§ Material for this task:

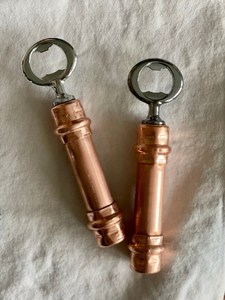 Best Sale Metal <b>Copper</b> Stylish <b>Handle</b> Bottle Openers Use for Hotel Wedding Parties & Restaurant in Bulk Price - Product Image 3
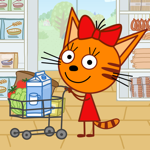 Kid-E-Cats: Katzen im Einkauf!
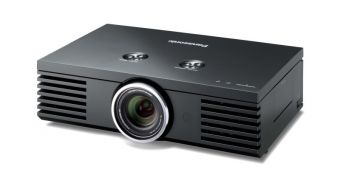 The new Panasonic PT-AE3000 projector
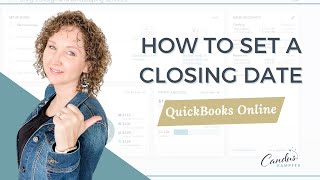 Setting a Closing Date in QuickBooks Online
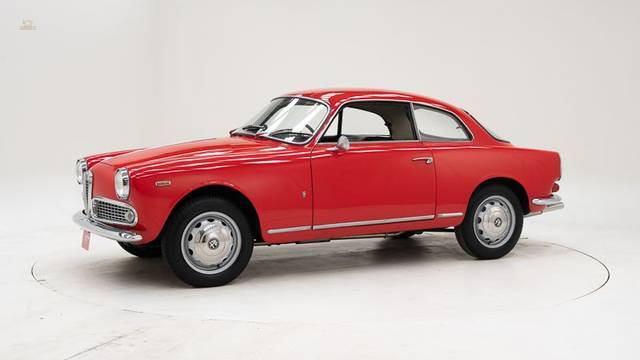 Alfa Romeo Giulia Sprint 1300 '64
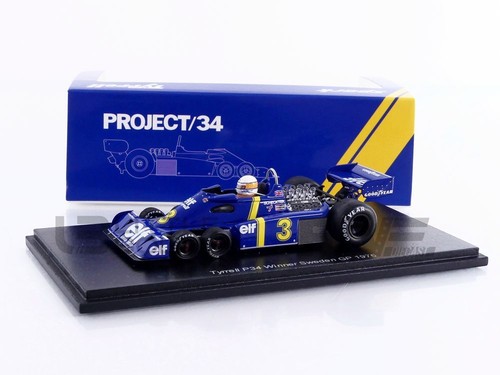 Spark tyrrell p34 - 1/43,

§ What is required: Set down the material above word for word and skip its pictures.

§ Solution to the exercise:
 Best Sale Metal <b>Copper</b> Stylish <b>Handle</b> Bottle Openers Use for Hotel Wedding Parties & Restaurant in Bulk Price - Product Image 3
 Kid-E-Cats: Katzen im Einkauf!
 The new Panasonic PT-AE3000 projector
 Setting a Closing Date in QuickBooks Online
 Alfa Romeo Giulia Sprint 1300 '64
 Spark tyrrell p34 - 1/43,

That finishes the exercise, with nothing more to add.